Court Limits Online Speech
by Heidi Kriz

                     The US Fourth Circuit Court of Appeals
                     became the first federal jurisdiction
                     to uphold restrictions on online speech
                     when it upheld a 1996 Virginia law
                     barring state employees from engaging
                     in "sexually explicit communication" on
                     the Internet.

                     The American Civil Liberties Union had
                     challenged the original law on behalf
                     of six university professors, saying
                     that it amounted to an attack on
                     academic freedom. The ACLU is weighing
                     an appeal of the ruling, which came
                     Wednesday.

                     "By the court s logic, a state
                     university English professor has a
                     free-speech right to make water-cooler
                     comments about the more salacious
                     elements of the Clinton-Lewinsky
                     scandal, but a political science
                     professor could be fired for discussing
                     the same issue in her classroom," said
                     Ann Beeson, a staff attorney for the
                     ACLU, in a statement.

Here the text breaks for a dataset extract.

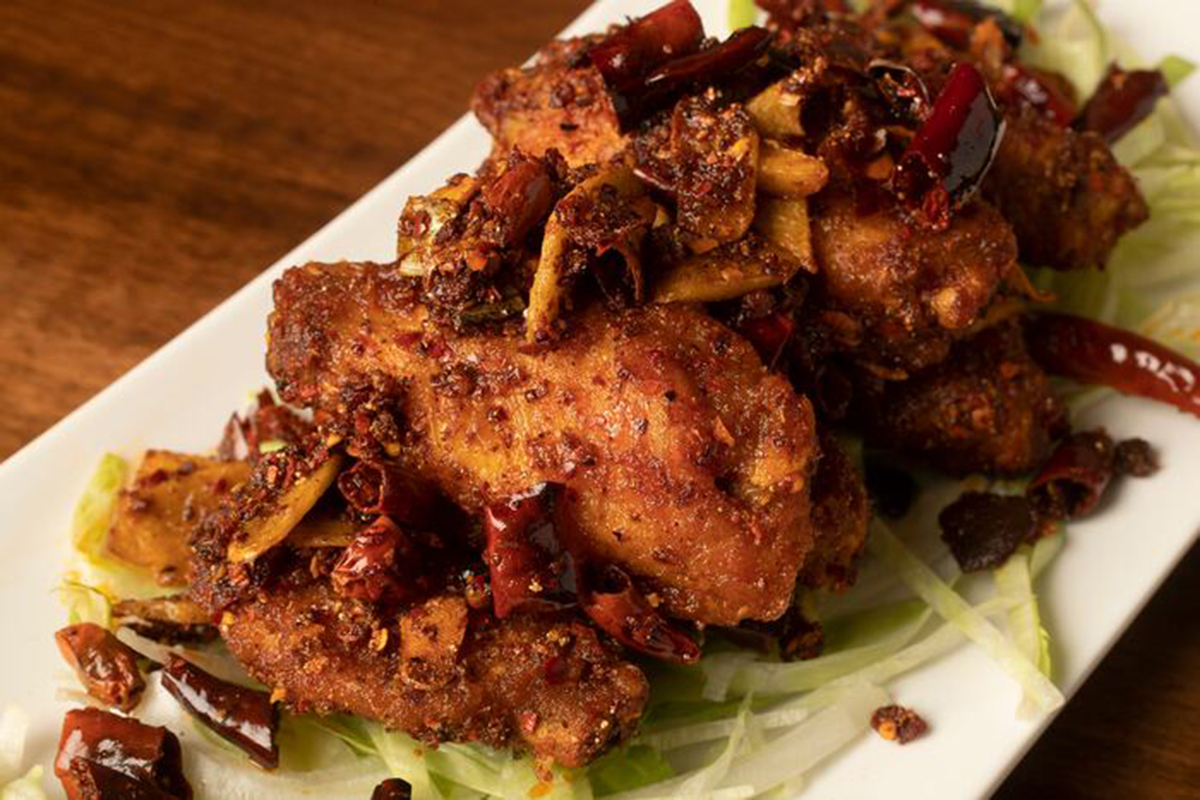 Dry Pepper Chicken Wings at Mama Wong，a Chinese Restaurant in Exton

                     Although some state officials will say
                     the decision is about "preventing state
                     employees from downloading
                     pornography," Paul Smith, one of the
                     George Mason University professors
                     challenging the law, said it poses a
                     serious threat to academic freedom.

                     Smith, who teaches a course on popular
                     culture that involves the examination
                     of pornography, was censured by his own
                     university after the law was passed in
                     1996. School officials pulled the plug
                     on his classroom Web site, which
                     contained academic articles on culture
                     and pornography.

                     In its decision, the three-judge panel
                     acknowledged that the First Amendment
                     applies when public employees are
                     speaking on matters "of public
                     concern." But it went on to say that no
                     "job-related speech" involves matters
                     of public concern. Therefore,
                     job-related speech is not protected by
                     the First Amendment.

                     According to Beeson, the court decision
                     expanded the rationale behind the
                     original law, which was aimed at online
                     speech restrictions, and "broaden[ed]
                     its application to be a potential gag
                     on all sorts of state employees,
                     including librarians, professors, and
                     social workers."

                     The ACLU is considering whether to
                     appeal the decision, either before the
                     full Fourth Circuit Court of Appeals or
                     to the Supreme Court.